News

Out-of-Band Microsoft Patches Released for Remote Code Execution

• By Kurt Mackie
• 10/19/2020

Microsoft last week issued two "out-of-band" security updates outside of its traditional Patch Tuesday bundle, which arrived on Oct. 13 this month.

The two patches, noted in a Friday post by the U.S. Cybersecurity and Infrastructure Security Agency, both address remote code execution vulnerabilities -- one in the Windows Codec Library (CVE-2020-17022) and one in Visual Studio Code (CVE-2020-17023).

Not everyone is subject to the Windows Codec Library vulnerability. It only affects users who have installed an optional High-Efficiency Videocoding (HEVC, also known as "H.265") codec from a device maker from the Microsoft Store.
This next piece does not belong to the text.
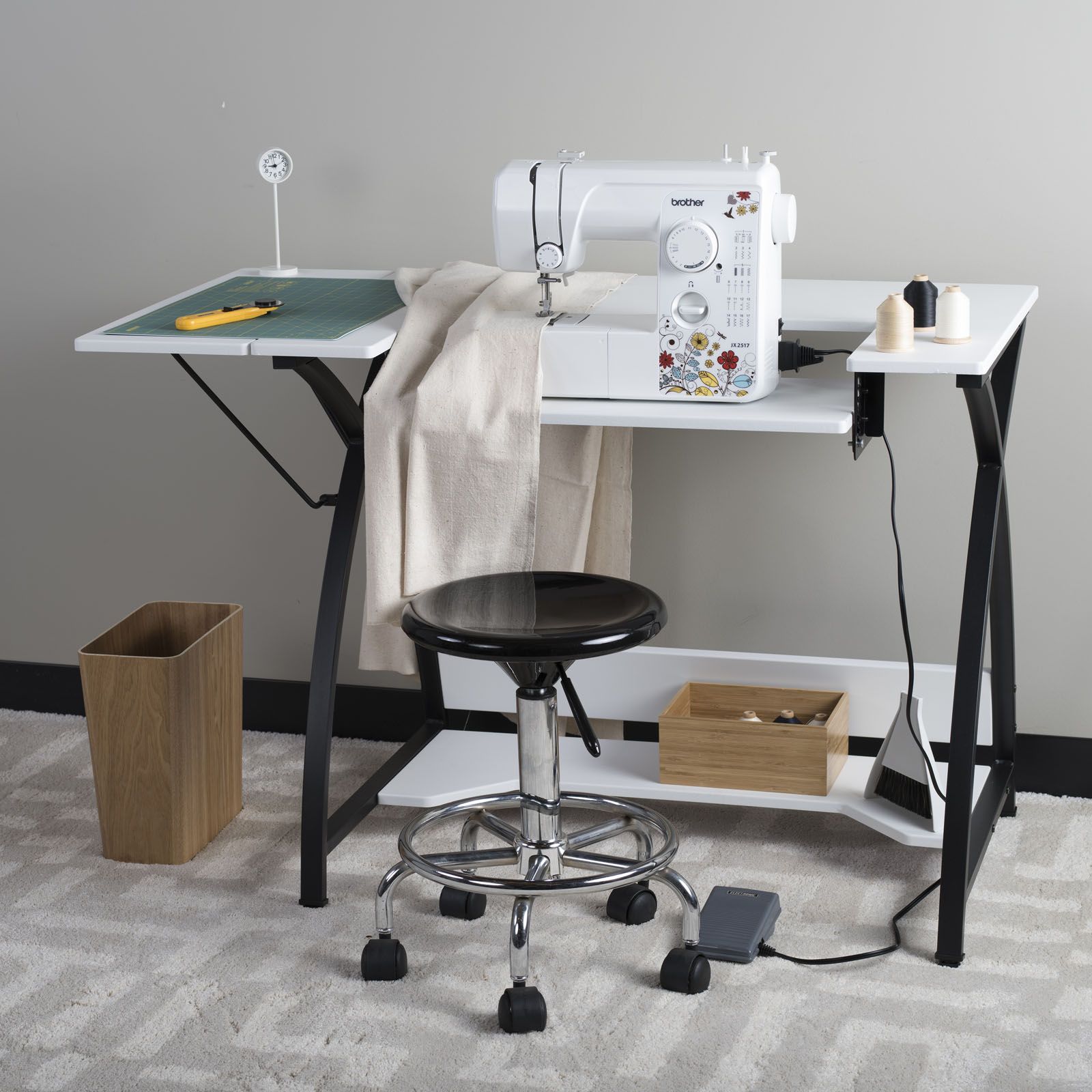 Comet Hobby / Sewing Machine Table In Black / White – Item Within Comet Tv Stands (Photo 1 of 15)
The vulnerability just pertains to Windows 10 users and could get triggered when a "specially crafted image file" is processed, permitting the execution of arbitrary code by an attacker.

The Microsoft Store will automatically deliver a fix for the CVE-2020-17022 vulnerability, so there are no actions to take. The issue can be verified as secure versions of the Windows Codec Library are "1.0.32762.0, 1.0.32763.0, and later."

The second vulnerability (CVE-2020-17023) requires tricking a Visual Studio Code user to click on a "malicious "package.json" file, which could enable an attacker to run "arbitrary code in the context of the current user." The attack involves additional trickery, as well. The end user needs to "clone a repository and open it in Visual Studio Code."

The out-of-band patch will change how JSON files get handled by Visual Studio Code, which will fix the issue, Microsoft explained.